Un paseo por el ayer
Volví a la casa que me vió crecer. Fue uno de esos días en que la casualidad y el recuerdo nos dirigen por los mismos caminos de antaño y la curiosidad se sorprende por cada cambio que percibe en la calle asfaltada, hoy con más edificios que casas y, como siempre solitaria.
En cada esquina mi niñez y mi adolescencia asoman la nariz y me susurran en el oído sus cuentos más chistosos o los más vergonzosos: Los paseos con el perro, la lluvia empapando mi ropa, el camino del colegio a la casa, los tropezones, mi primer beso, otros besos más, mi actuación al aire libre como loca del manicomio, la camisa a rayas que se le abrió el botón…

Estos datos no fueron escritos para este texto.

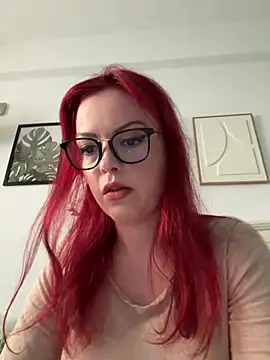 Snapshot of AylaRed chatting on 04/23/26, 06:03 AylaRed online show from 04/23/26, 06:03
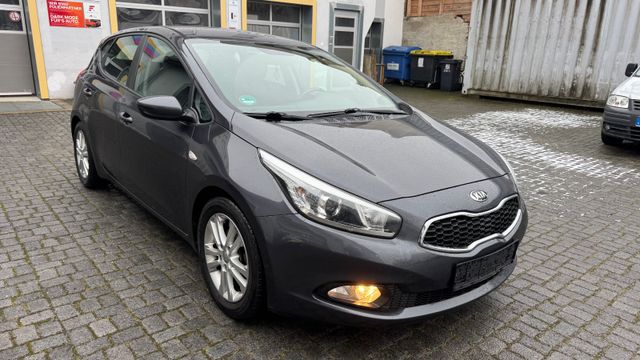 Kia cee'd *1.4 *KLima*SHZ*Tempo*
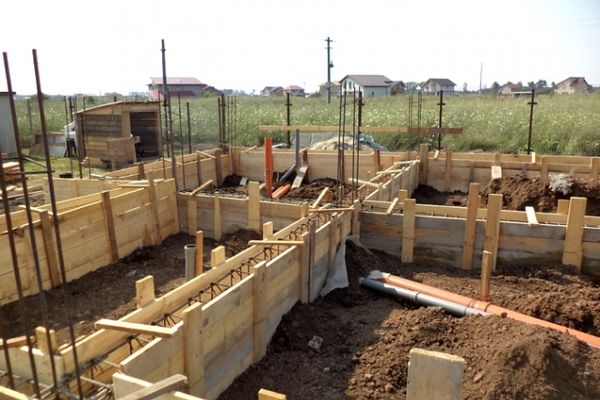 Comparativ cu anul trecut, în Sălaj se construiește mai mult. Șimleu Silvaniei, preferat pentru construcția de locuințe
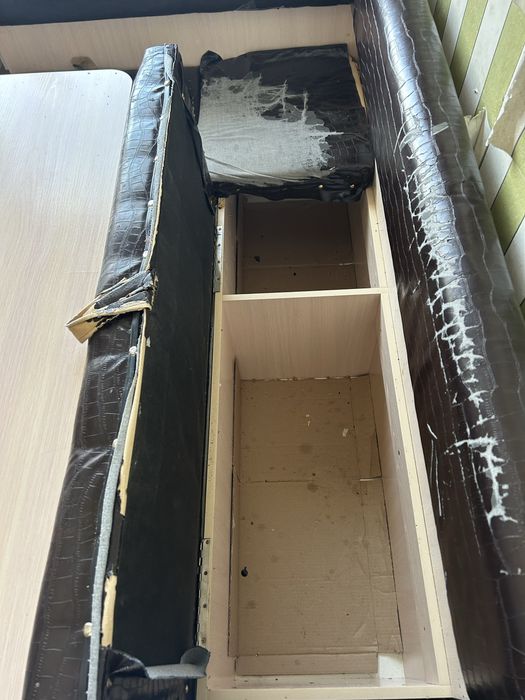 Продается кухонный уголок с 5 стульями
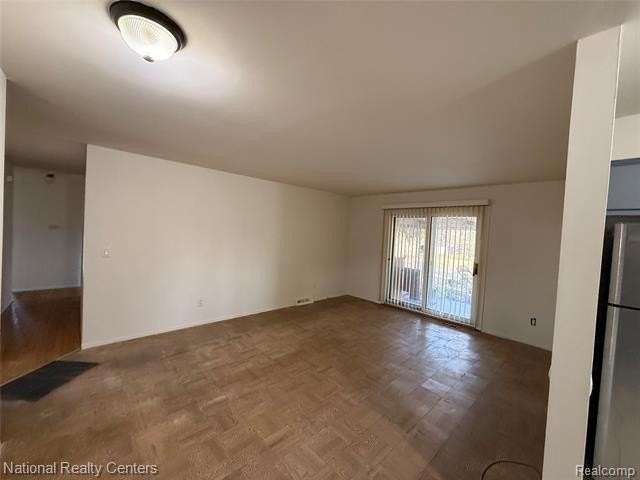 2009 Shady Dr - Photo 4 of 13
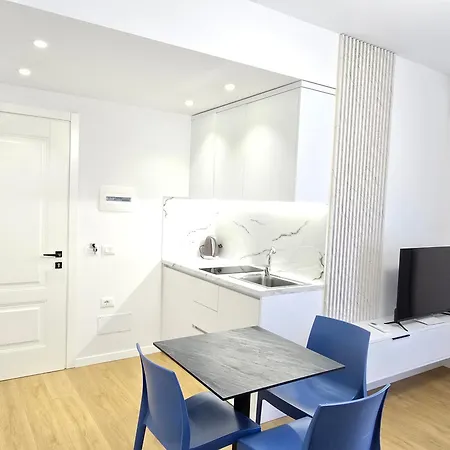 Oni Apartment *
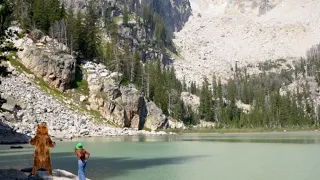 Hikers run into a grizzly bear (less than 15 feet away)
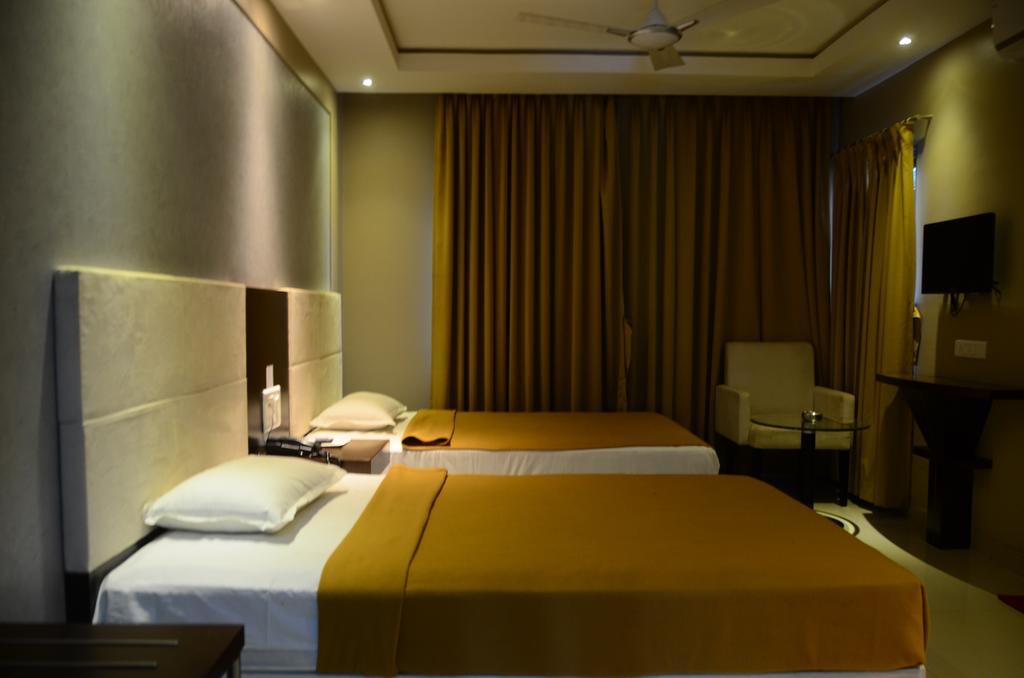 Hotel Blue Lagoon Daman Camera foto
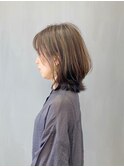 ミディアムレイヤーカット _ グレーベージュ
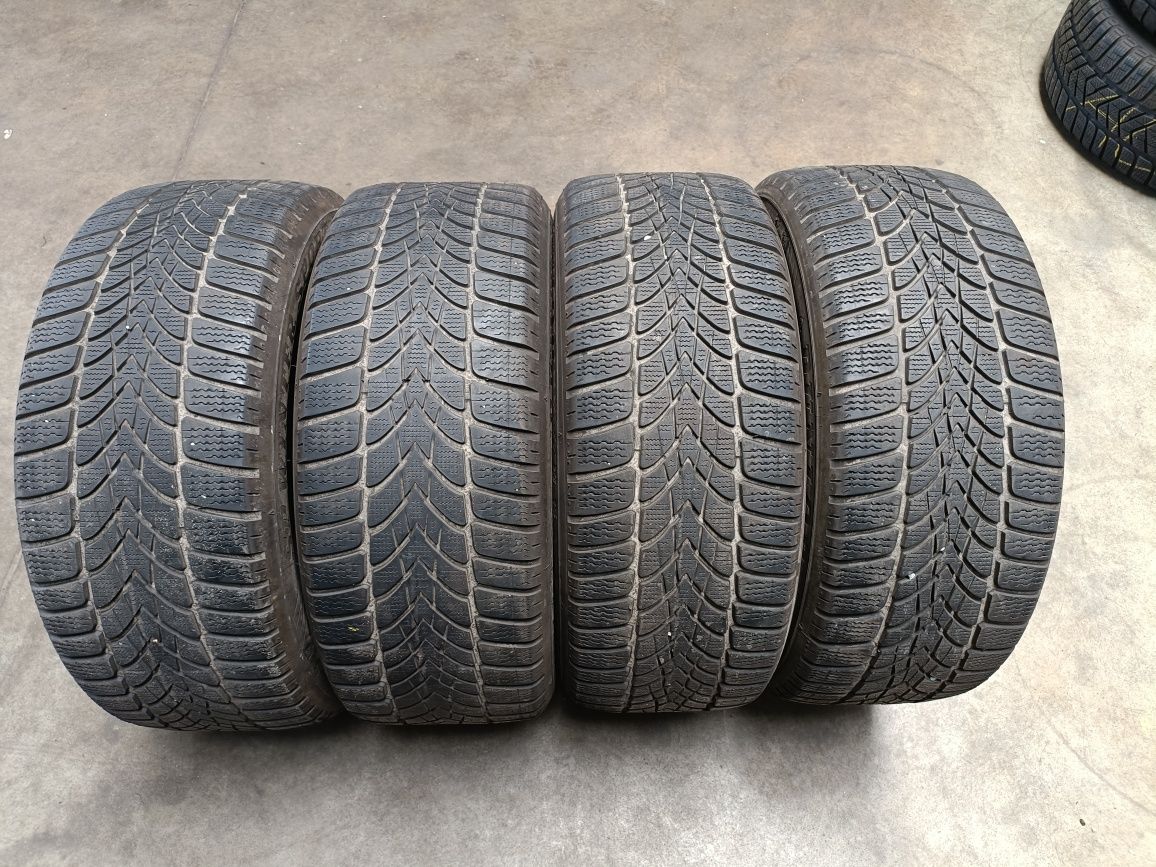 Opony zimowe Dunlop SP Winter Sport 4D MO 225/50R17 94H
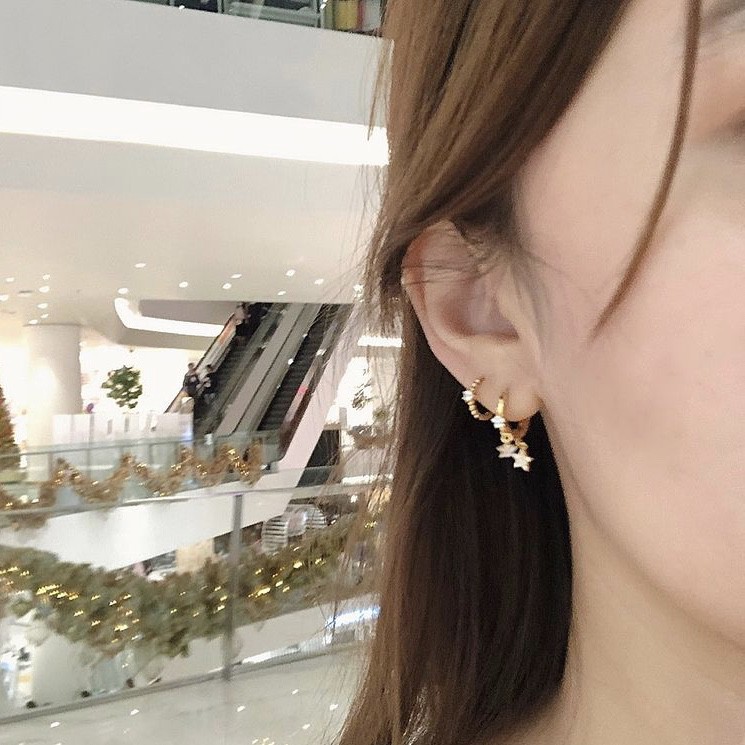 ( โค้ด DMEBK ลด 120.-) Winterwinter Jewelry Silver925 : เครื่องประดับเงินแท้ เงินแท้925 ต่างหูห่วงเพชร cz รูปดาว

Por un momento pensé ir a saludar a los vecinos que deje atrás, a mi primo que quiere ser cineasta y a mi mejor amigo que hace meses no veo, pero preferí seguir adelante hasta llegar al final de la calle, allí donde se puede ver el Malecón con su mar azul clarito y las palmeras ondeando al viento, allí donde se encontraba mi viejo hogar.
Con cada paso, mi corazón se aceleraba un poco más y mis ganas de revivir el pasado acrecentaban. Llegué al frente de la casa, me topé con las flores de cayena que cubrían gran parte del muro que da a la calle y pude notar que crecían salvajes como si el jardinero tuviera meses sin pasar a podar.
Para mí lo más bello de la casa era su jardín que mami mantenía religiosamente bien regado y recortado, era lo primero que encontrabas al llegar así que siempre estaba bien cuidado.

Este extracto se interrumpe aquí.